◆ Work to complete ◆
Scan the records below for the line with "Black Lace Patchwork Strapless Party Dress" and the line with "Chaînette de cheville". Repeat those two lines and every line between them exactly, and nothing else.

◆ Recorded information ◆
........
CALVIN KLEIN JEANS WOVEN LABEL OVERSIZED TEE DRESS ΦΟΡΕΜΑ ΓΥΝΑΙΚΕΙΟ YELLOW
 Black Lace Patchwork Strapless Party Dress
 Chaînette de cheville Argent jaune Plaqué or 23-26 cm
........
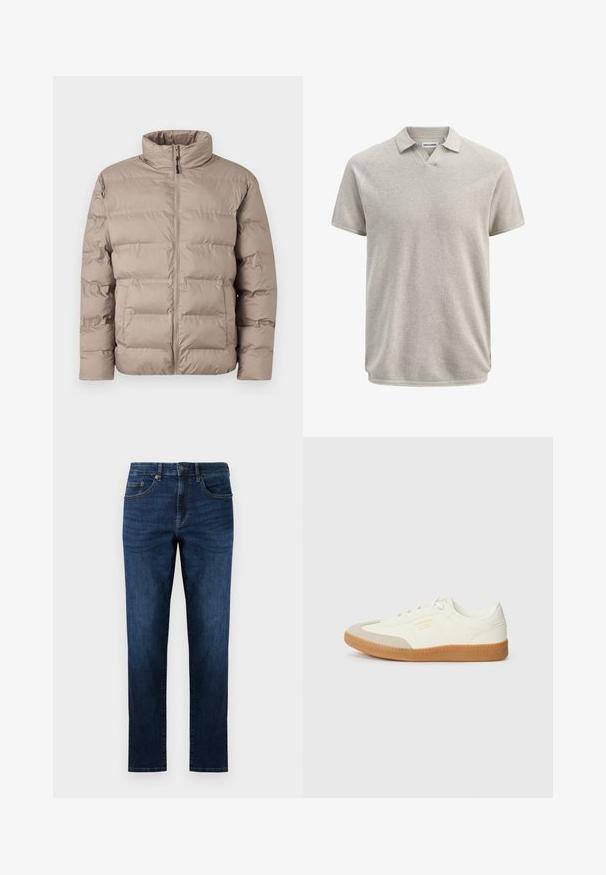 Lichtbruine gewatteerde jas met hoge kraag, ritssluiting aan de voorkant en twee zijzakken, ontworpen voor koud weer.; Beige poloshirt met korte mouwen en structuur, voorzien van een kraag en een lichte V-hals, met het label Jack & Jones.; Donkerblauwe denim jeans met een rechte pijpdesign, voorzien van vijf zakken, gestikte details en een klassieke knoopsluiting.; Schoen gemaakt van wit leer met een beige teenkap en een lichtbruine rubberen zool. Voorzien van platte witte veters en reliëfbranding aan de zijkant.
........
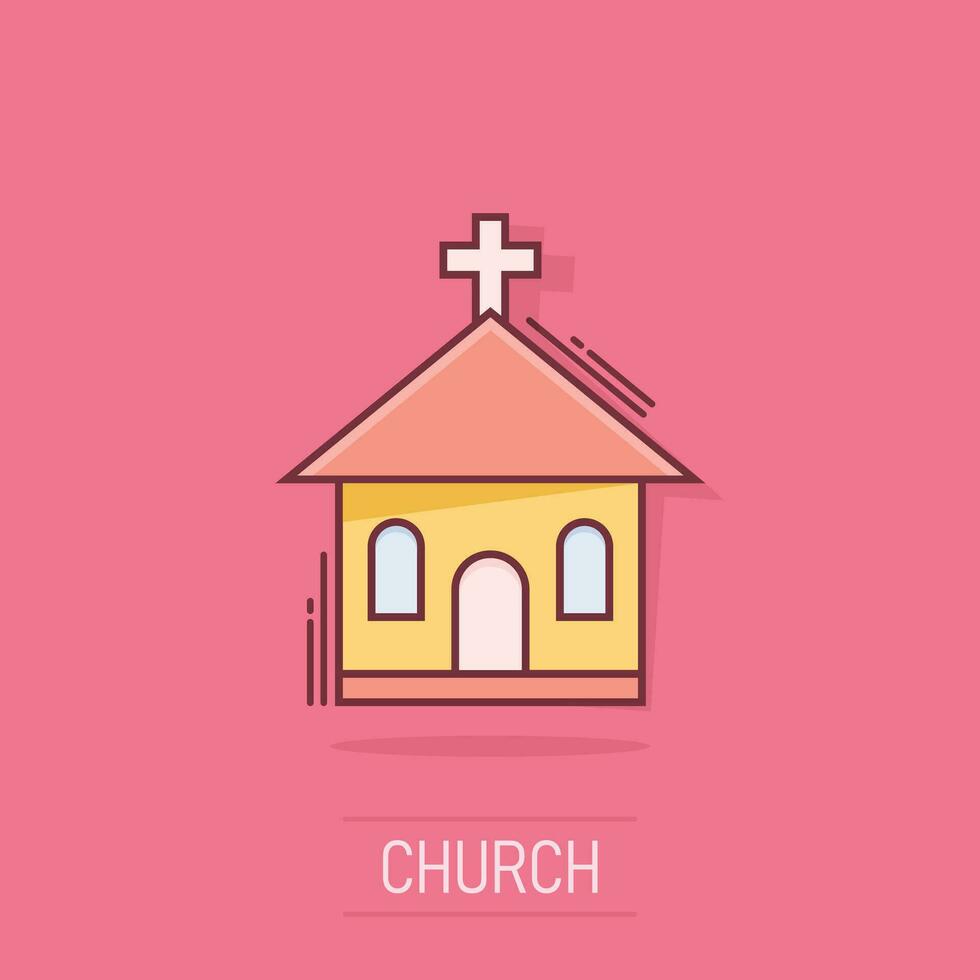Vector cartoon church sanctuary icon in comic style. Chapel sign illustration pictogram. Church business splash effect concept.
........
◆ Answer ◆
 Black Lace Patchwork Strapless Party Dress
 Chaînette de cheville Argent jaune Plaqué or 23-26 cm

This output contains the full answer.